EXTRACTED RECORDS: Begin

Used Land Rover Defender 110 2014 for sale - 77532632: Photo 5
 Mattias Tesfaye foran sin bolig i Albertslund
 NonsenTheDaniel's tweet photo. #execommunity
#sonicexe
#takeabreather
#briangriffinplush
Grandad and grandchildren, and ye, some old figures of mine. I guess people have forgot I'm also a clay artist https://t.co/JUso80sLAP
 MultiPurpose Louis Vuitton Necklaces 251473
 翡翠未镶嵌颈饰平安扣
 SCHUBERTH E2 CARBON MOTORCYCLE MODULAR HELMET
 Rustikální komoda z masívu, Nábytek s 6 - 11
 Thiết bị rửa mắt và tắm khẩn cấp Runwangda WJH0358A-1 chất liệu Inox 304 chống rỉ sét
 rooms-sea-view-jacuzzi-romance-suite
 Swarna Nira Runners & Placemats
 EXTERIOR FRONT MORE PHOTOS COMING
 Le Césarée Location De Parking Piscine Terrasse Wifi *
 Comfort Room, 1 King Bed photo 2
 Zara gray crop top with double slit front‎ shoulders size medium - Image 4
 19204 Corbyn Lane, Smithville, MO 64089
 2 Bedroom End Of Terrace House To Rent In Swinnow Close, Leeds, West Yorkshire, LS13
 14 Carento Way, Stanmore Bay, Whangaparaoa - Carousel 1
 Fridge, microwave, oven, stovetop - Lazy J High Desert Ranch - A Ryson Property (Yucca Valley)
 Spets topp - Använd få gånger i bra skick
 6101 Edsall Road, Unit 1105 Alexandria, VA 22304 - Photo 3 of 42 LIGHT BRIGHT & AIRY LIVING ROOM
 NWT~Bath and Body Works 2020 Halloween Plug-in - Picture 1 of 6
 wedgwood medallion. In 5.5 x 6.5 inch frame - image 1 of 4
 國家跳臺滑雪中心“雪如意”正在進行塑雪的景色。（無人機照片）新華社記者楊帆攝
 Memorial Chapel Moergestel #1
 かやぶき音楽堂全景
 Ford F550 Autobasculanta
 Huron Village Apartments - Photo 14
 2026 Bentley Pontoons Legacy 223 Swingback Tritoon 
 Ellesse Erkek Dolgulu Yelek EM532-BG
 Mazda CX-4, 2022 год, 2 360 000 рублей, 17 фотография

EXTRACTED RECORDS: End

Would you restate the material above word for word?

RESULT →
Used Land Rover Defender 110 2014 for sale - 77532632: Photo 5
 Mattias Tesfaye foran sin bolig i Albertslund
 NonsenTheDaniel's tweet photo. #execommunity
#sonicexe
#takeabreather
#briangriffinplush
Grandad and grandchildren, and ye, some old figures of mine. I guess people have forgot I'm also a clay artist https://t.co/JUso80sLAP
 MultiPurpose Louis Vuitton Necklaces 251473
 翡翠未镶嵌颈饰平安扣
 SCHUBERTH E2 CARBON MOTORCYCLE MODULAR HELMET
 Rustikální komoda z masívu, Nábytek s 6 - 11
 Thiết bị rửa mắt và tắm khẩn cấp Runwangda WJH0358A-1 chất liệu Inox 304 chống rỉ sét
 rooms-sea-view-jacuzzi-romance-suite
 Swarna Nira Runners & Placemats
 EXTERIOR FRONT MORE PHOTOS COMING
 Le Césarée Location De Parking Piscine Terrasse Wifi *
 Comfort Room, 1 King Bed photo 2
 Zara gray crop top with double slit front‎ shoulders size medium - Image 4
 19204 Corbyn Lane, Smithville, MO 64089
 2 Bedroom End Of Terrace House To Rent In Swinnow Close, Leeds, West Yorkshire, LS13
 14 Carento Way, Stanmore Bay, Whangaparaoa - Carousel 1
 Fridge, microwave, oven, stovetop - Lazy J High Desert Ranch - A Ryson Property (Yucca Valley)
 Spets topp - Använd få gånger i bra skick
 6101 Edsall Road, Unit 1105 Alexandria, VA 22304 - Photo 3 of 42 LIGHT BRIGHT & AIRY LIVING ROOM
 NWT~Bath and Body Works 2020 Halloween Plug-in - Picture 1 of 6
 wedgwood medallion. In 5.5 x 6.5 inch frame - image 1 of 4
 國家跳臺滑雪中心“雪如意”正在進行塑雪的景色。（無人機照片）新華社記者楊帆攝
 Memorial Chapel Moergestel #1
 かやぶき音楽堂全景
 Ford F550 Autobasculanta
 Huron Village Apartments - Photo 14
 2026 Bentley Pontoons Legacy 223 Swingback Tritoon 
 Ellesse Erkek Dolgulu Yelek EM532-BG
 Mazda CX-4, 2022 год, 2 360 000 рублей, 17 фотография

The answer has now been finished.